# Deleted books keep reappearing in Kindle wish list (Paperwhite)



## ElisabethGFoley (Nov 20, 2011)

Has anyone else encountered this problem? There are several ebooks that keep reappearing in my Kindle wish list on my Paperwhite no matter how many times I delete them. (Literally, I tap "delete" and the book disappears, I scroll down a little in the wish list, scroll back up and the deleted book is back already.) The thing is, they are books that I _already purchased_ some time ago-they were all either permanently free or were free at the time I downloaded them.

This only applies to my list when viewed through the Kindle Store on my Kindle Paperwhite itself. I thought I might be able to get rid of them by logging into my Amazon account on my computer and deleting them from the wish list there-but the problem books don't show up in the online version of the wish list. My mother has the same issue with her Paperwhite as well. Any suggestions on how to fix this?


----------



## tsemple (Apr 27, 2009)

I think Kindles are a little challenged when it comes to managing wish lists, particularly as they get larger.  For example, it will only show a max of 100 titles per wish list.
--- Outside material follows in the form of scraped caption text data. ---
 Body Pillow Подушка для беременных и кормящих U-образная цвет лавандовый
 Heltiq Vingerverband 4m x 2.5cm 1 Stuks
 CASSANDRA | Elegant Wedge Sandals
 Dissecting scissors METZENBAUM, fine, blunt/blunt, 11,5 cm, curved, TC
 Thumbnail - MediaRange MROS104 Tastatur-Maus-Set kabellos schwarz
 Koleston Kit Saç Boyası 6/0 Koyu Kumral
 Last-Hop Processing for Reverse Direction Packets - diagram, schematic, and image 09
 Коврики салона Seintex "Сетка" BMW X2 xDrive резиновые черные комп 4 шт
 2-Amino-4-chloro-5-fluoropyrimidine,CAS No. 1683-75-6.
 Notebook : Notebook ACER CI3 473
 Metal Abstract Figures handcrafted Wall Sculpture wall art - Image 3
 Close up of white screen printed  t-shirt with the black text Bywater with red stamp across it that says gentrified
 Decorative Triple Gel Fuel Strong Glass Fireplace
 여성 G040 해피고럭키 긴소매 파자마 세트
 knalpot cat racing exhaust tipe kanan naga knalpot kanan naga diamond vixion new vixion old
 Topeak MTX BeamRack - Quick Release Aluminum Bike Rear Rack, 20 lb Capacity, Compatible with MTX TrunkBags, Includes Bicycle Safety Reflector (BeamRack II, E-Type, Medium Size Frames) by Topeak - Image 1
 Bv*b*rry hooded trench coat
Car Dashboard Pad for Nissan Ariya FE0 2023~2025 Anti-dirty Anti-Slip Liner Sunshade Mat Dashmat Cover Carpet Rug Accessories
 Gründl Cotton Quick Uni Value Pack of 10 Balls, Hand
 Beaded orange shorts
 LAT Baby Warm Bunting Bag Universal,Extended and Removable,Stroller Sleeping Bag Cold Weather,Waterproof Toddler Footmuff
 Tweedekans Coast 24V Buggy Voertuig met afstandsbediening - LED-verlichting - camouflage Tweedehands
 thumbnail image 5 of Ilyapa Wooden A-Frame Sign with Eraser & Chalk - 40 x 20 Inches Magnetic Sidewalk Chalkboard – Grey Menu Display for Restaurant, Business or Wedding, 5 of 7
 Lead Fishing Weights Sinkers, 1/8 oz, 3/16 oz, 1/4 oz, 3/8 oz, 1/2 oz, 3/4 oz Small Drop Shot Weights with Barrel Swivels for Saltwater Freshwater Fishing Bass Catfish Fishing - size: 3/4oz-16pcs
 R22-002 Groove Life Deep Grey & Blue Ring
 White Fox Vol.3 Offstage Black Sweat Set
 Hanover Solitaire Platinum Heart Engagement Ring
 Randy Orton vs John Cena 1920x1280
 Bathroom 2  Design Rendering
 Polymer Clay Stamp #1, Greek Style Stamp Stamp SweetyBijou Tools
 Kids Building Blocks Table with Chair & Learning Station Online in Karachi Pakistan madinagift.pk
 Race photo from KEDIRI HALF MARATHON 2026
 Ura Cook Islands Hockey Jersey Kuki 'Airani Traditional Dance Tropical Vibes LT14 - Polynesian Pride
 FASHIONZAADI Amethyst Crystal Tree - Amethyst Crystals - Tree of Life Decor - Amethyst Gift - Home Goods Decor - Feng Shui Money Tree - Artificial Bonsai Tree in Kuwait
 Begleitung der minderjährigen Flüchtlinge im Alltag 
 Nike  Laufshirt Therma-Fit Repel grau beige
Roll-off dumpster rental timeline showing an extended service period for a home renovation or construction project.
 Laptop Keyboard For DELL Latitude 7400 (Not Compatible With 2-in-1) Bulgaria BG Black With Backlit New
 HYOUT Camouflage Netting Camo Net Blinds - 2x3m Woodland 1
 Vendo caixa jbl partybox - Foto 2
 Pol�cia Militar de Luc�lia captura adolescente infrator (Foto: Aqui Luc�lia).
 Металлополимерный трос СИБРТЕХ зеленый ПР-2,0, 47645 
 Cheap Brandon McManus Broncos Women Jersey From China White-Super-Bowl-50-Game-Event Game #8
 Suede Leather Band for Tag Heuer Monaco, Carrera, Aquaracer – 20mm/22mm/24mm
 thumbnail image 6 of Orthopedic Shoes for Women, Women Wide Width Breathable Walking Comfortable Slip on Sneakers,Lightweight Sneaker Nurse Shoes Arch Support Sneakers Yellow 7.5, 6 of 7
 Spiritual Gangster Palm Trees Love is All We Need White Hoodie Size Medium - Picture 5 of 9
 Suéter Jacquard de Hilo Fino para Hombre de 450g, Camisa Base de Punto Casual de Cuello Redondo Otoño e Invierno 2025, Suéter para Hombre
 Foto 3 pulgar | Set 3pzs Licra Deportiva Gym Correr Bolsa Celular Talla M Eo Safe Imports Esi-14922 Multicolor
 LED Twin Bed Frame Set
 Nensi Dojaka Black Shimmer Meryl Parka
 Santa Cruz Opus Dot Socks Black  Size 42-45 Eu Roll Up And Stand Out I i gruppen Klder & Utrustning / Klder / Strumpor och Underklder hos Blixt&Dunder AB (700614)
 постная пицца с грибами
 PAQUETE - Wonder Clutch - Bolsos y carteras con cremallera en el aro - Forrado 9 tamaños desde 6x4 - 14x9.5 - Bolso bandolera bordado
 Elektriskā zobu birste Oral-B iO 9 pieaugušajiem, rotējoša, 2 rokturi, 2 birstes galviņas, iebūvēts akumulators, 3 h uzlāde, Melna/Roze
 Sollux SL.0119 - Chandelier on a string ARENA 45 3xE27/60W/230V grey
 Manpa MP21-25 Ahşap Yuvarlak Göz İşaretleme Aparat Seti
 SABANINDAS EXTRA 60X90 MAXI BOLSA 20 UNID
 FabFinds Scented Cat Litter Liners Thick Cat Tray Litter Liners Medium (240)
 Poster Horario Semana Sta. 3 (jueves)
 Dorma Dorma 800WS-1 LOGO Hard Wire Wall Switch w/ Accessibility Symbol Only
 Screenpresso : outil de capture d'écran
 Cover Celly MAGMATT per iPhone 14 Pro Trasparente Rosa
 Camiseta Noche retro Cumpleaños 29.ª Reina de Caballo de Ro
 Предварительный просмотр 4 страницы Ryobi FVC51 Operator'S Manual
I cannot say I’ve observed the specific problem you describe but it does not surprise me that it happens, particularly if you advance to a new page and then go back.

If you refresh the list after delete (e.g. choose View Wish List from the menu to start over), does the deleted item re-appear? 

At any rate you would do better to use a browser or the Amazon mobile app for this - it is more flexible and performs better.


----------